◆ **Input for this task**
--------------------------------
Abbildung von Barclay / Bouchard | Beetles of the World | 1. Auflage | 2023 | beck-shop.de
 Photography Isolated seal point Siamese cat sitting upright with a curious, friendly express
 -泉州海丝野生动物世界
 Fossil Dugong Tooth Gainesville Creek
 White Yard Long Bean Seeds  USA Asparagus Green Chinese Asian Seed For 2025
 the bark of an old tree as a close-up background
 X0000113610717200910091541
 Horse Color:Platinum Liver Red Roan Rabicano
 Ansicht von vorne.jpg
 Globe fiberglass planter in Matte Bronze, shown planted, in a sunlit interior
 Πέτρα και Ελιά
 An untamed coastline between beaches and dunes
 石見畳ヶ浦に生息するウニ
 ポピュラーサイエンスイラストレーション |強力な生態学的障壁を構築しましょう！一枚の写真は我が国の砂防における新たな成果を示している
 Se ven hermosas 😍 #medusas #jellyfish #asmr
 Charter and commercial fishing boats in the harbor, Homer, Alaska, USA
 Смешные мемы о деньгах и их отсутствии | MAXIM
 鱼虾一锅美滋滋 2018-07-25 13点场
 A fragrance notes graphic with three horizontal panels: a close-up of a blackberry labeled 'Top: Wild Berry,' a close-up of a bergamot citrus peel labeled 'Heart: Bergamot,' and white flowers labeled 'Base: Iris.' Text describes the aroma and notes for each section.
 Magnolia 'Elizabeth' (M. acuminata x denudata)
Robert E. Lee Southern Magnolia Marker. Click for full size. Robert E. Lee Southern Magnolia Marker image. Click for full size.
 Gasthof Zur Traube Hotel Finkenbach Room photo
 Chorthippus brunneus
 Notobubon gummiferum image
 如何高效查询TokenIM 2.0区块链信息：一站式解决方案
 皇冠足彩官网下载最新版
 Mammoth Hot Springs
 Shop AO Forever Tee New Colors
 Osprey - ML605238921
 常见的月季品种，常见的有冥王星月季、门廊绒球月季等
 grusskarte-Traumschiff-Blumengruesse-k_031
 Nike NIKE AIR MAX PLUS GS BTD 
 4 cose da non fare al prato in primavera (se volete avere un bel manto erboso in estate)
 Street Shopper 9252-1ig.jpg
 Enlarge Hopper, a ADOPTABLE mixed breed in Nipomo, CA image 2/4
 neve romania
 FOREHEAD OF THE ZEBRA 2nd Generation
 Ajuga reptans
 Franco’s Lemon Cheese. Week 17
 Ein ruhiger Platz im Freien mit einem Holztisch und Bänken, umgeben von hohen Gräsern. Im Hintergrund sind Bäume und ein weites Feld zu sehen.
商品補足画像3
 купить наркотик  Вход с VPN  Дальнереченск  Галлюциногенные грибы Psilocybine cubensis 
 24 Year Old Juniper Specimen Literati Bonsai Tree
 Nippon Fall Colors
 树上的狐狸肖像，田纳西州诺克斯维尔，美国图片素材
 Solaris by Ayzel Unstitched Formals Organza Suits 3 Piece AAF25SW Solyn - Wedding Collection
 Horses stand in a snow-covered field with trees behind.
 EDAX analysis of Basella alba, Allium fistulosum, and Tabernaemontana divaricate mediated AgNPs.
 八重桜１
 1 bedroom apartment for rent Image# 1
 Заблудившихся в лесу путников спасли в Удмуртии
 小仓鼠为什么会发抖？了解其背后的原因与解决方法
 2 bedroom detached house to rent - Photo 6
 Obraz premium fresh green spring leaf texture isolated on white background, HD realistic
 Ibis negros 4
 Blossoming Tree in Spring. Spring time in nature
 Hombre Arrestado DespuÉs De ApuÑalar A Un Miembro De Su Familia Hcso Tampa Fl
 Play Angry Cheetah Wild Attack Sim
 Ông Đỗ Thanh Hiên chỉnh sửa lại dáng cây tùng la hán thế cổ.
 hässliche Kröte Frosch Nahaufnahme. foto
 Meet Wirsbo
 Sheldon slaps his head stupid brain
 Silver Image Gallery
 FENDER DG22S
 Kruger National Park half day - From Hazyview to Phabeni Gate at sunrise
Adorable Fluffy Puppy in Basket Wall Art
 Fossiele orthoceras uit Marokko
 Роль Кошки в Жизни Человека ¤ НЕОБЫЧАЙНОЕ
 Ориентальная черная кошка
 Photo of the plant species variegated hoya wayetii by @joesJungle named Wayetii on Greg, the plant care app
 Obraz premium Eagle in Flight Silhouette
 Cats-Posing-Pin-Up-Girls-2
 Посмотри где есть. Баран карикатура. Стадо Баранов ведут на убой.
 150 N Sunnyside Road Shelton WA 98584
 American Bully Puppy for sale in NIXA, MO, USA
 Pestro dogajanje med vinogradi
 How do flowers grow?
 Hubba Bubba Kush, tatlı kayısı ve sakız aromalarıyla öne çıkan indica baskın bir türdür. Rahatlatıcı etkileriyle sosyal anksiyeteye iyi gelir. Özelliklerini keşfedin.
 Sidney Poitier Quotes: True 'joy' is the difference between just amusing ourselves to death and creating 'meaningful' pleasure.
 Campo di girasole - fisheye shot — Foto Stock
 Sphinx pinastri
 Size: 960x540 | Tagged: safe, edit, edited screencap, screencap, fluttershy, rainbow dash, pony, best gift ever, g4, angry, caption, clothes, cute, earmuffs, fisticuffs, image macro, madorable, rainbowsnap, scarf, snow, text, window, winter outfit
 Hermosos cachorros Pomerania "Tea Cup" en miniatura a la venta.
--------------------------------
◆ **Exercise goal**
Repeat, exactly as they stand above, the lines from the line with "Πέτρα και Ελιά" to the line with "Magnolia 'Elizabeth' (M.", both lines included.

◆ **Answer below**
 Πέτρα και Ελιά
 An untamed coastline between beaches and dunes
 石見畳ヶ浦に生息するウニ
 ポピュラーサイエンスイラストレーション |強力な生態学的障壁を構築しましょう！一枚の写真は我が国の砂防における新たな成果を示している
 Se ven hermosas 😍 #medusas #jellyfish #asmr
 Charter and commercial fishing boats in the harbor, Homer, Alaska, USA
 Смешные мемы о деньгах и их отсутствии | MAXIM
 鱼虾一锅美滋滋 2018-07-25 13点场
 A fragrance notes graphic with three horizontal panels: a close-up of a blackberry labeled 'Top: Wild Berry,' a close-up of a bergamot citrus peel labeled 'Heart: Bergamot,' and white flowers labeled 'Base: Iris.' Text describes the aroma and notes for each section.
 Magnolia 'Elizabeth' (M. acuminata x denudata)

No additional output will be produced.